(Beginning of Task input)

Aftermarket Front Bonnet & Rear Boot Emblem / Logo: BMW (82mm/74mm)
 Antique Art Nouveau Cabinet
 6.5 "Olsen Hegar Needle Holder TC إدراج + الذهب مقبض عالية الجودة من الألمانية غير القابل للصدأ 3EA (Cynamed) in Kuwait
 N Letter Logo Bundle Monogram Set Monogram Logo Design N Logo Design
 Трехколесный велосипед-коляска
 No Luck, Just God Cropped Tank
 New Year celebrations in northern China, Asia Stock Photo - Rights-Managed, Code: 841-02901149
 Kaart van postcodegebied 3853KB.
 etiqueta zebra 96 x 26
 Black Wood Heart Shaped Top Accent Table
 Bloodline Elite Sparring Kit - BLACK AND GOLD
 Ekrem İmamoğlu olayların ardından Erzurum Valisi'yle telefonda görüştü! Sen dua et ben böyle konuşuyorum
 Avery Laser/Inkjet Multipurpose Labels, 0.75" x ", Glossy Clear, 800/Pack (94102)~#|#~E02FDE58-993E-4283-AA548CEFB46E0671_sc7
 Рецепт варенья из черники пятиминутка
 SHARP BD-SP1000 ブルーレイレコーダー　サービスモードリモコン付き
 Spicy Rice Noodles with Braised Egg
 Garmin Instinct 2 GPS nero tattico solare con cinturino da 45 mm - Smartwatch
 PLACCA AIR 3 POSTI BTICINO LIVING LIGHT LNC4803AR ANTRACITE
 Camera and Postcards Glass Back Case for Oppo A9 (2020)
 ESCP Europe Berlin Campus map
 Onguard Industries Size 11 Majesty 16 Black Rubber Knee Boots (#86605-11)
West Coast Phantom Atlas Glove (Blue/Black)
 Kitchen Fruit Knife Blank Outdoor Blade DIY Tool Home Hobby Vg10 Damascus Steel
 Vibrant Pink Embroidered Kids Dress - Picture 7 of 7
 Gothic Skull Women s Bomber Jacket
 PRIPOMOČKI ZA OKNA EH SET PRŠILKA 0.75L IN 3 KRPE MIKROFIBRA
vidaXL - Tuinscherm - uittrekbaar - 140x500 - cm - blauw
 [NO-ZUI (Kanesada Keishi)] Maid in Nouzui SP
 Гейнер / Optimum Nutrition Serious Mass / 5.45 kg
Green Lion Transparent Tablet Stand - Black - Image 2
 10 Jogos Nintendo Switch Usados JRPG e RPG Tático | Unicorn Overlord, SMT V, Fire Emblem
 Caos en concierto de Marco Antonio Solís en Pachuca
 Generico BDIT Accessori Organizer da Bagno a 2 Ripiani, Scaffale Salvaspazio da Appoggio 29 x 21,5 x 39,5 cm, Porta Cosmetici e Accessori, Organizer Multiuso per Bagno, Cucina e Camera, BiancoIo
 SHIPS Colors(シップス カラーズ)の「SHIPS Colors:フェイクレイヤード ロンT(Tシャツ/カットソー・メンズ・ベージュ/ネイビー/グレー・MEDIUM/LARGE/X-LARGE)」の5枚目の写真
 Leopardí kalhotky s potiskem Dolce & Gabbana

(End of Task input)

→ Task: Looking at the entries above, work out how many lines include the word "Logo" and reply with that number alone.

→ Response to the task: 2